A review by libkatem
Never Have Your Dog Stuffed: And Other Things I've Learned by Alan Alda

4.0

"I brought a suitcase of books to Paris. And as soon as I got there, I started filling up another suitcase with books, many of them in French, which I could barely read, and many of whose pages stayed uncut. Just having books was the point, and lugging a valise full of them to the train station and hoisting it up onto the metal rack made me feel like a scholar.
"I sat and drank hot rum at Les Deux Magots, and that made me feel like Hemingway. If I had two rums, I felt like Sartre. Sartre liked to write in a crowded cafe` and, amazingly, I found, so did I." [chapter 7]
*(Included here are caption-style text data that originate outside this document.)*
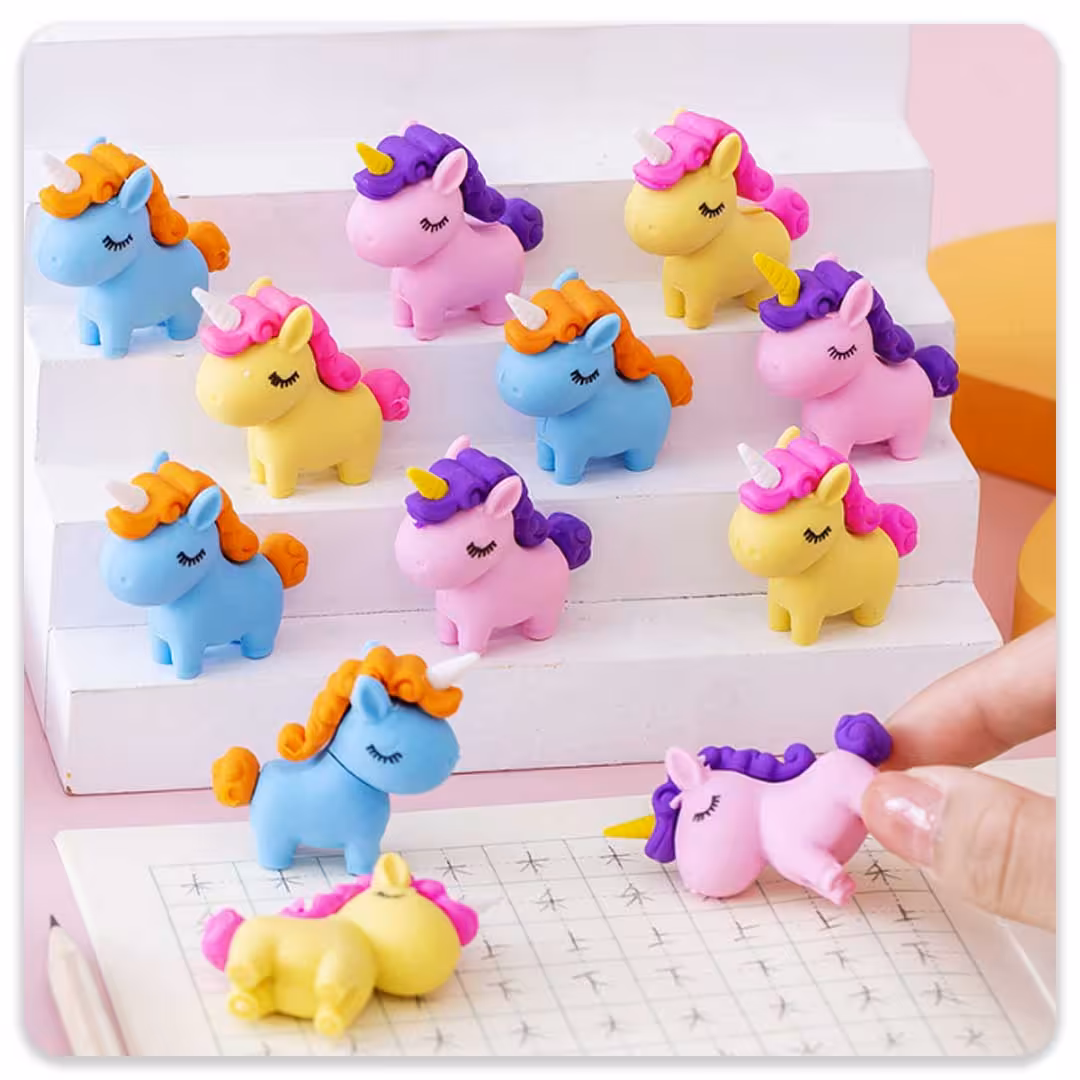 پاکن اسب تکشاخ خجالتی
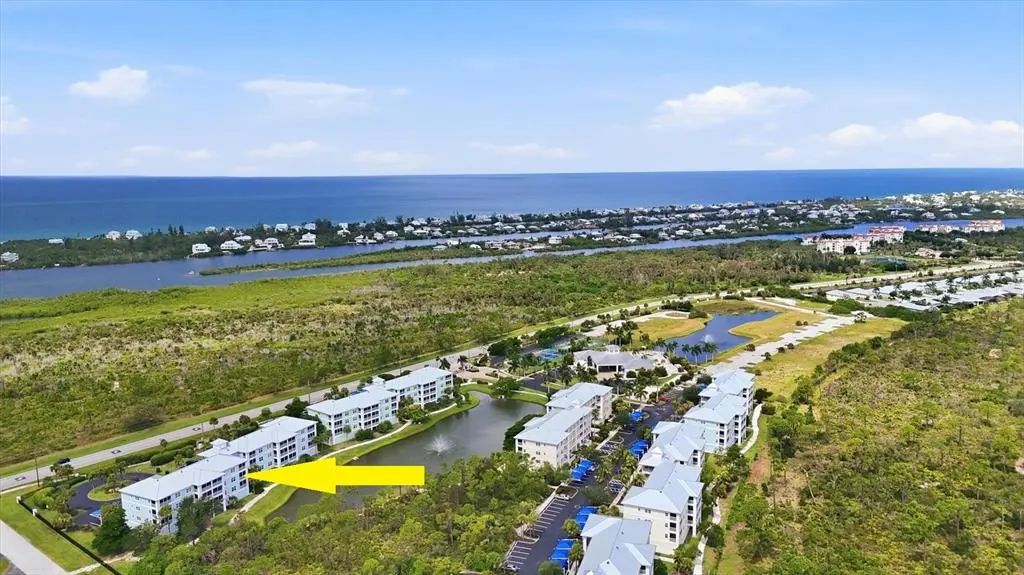 8405 Placida Road 305, PLACIDA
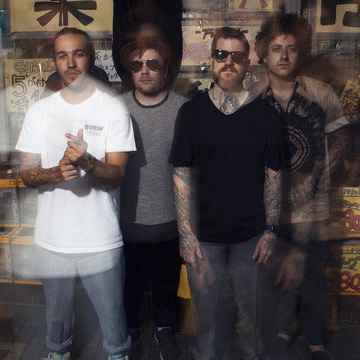 Fall Out Boy Concerts in Los Angeles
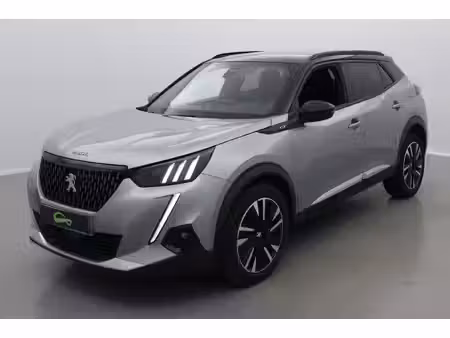 Peugeot 2008 1.5 HDi 130 GT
So... that spoke to me on a personal level. This was really the first time that I really related to Alda, not that I wasn't already engrossed with his story, because I was.

His early years, Alda traveled the burlesque and vaudeville circuits with his parents; his father was an actor, and his mother had an undiagnosed mental illness. His experience with catholic schools did not line up with my (mostly positive) experiences, though I've heard horror stories similar to his. I trust what he's saying. Alda also contracted Polio at a very young age, and was quiet ill. My heart breaks for these early experiences, and Alda has a deft, precise way of writing about it.

His life has taken a lot of twists and turns, and his tremendous work ethic finally led him to M*A*S*H (which, in my opinion, will make Alda immortal), and he always includes his loving relationship with his wife and their three daughters. I have such admiration for Alan Alda, and it really only grew with this book.

I can't wait to read the next one.

(And Alan, if you ever need a hug, I'd be happy to give you one.)